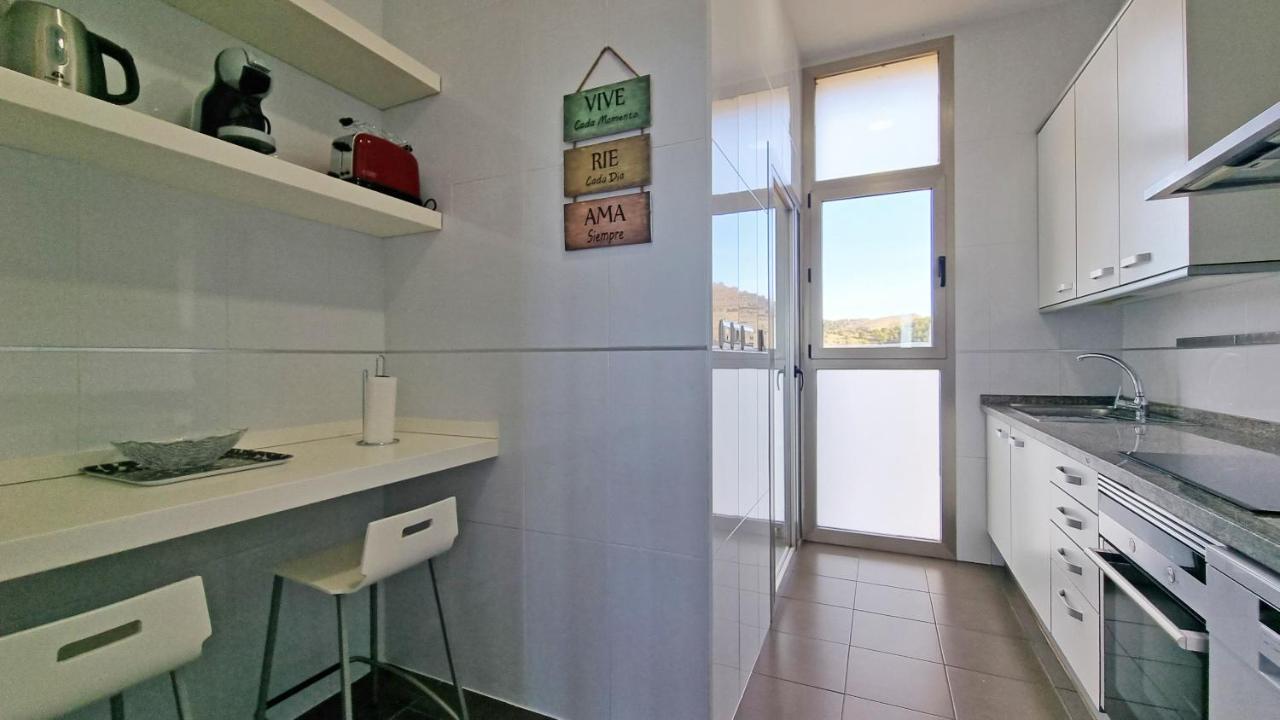Skyline 41 Gran Lujo, Terraza Grande Y Vistas Al Mar - Planta 41 Leilighet Benidorm Eksteriør bilde
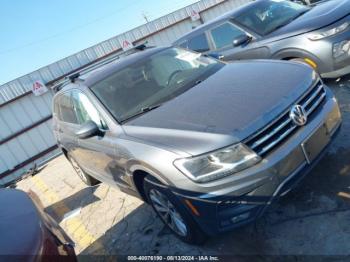  Salvage Volkswagen Tiguan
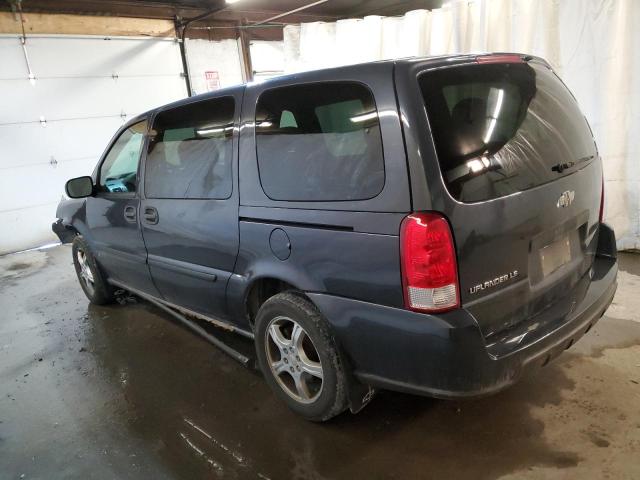 Photo 2 from auction – 2008 CHEVROLET UPLANDER L with VIN 1GNDV23168D184973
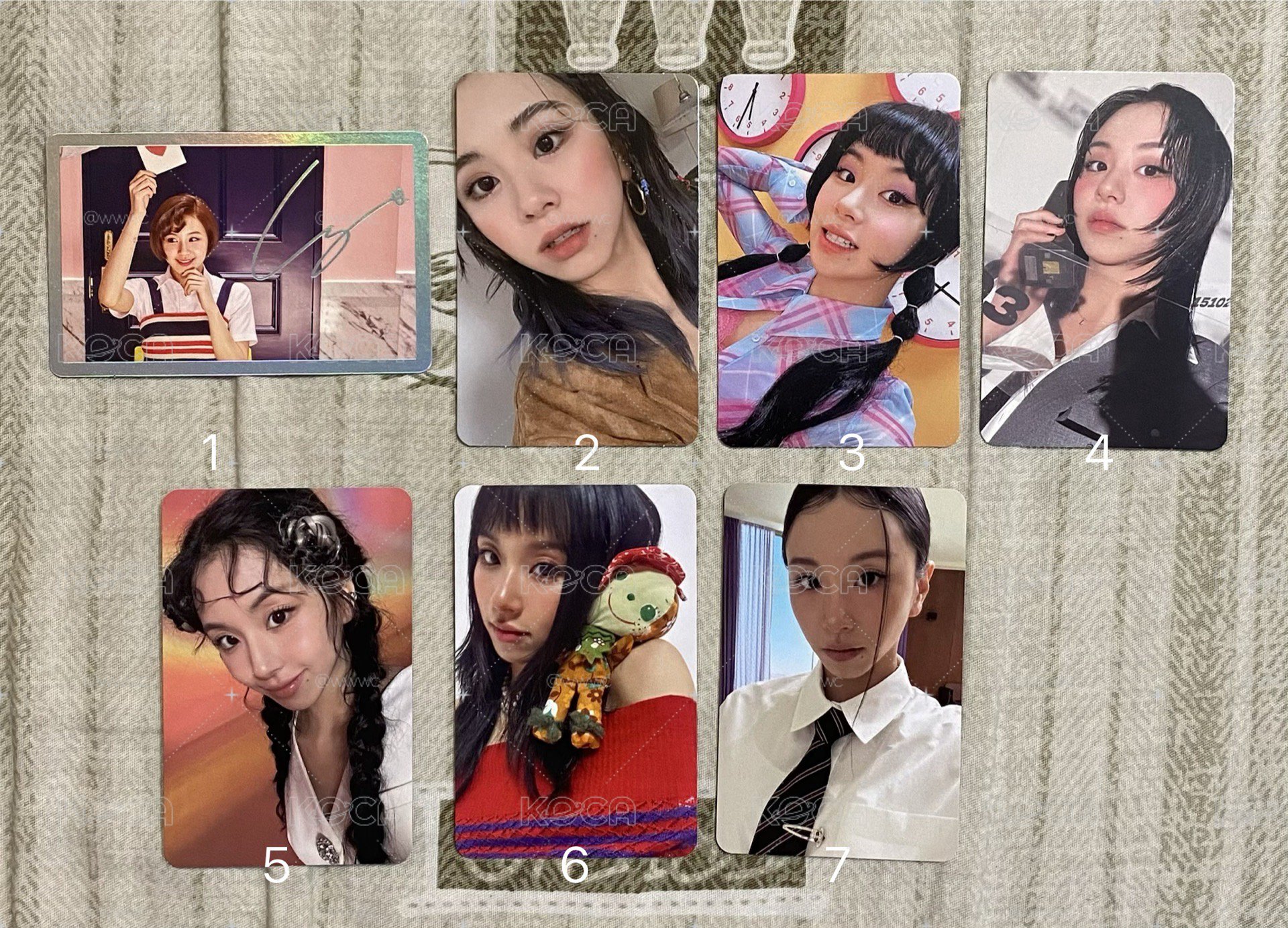 ❤️彩小卡區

════════════════

> _How to complete this task_
Take the data above and repeat it exactly, leaving each picture out.

> _Output of the exercise_
Skyline 41 Gran Lujo, Terraza Grande Y Vistas Al Mar - Planta 41 Leilighet Benidorm Eksteriør bilde
  Salvage Volkswagen Tiguan
 Photo 2 from auction – 2008 CHEVROLET UPLANDER L with VIN 1GNDV23168D184973
 ❤️彩小卡區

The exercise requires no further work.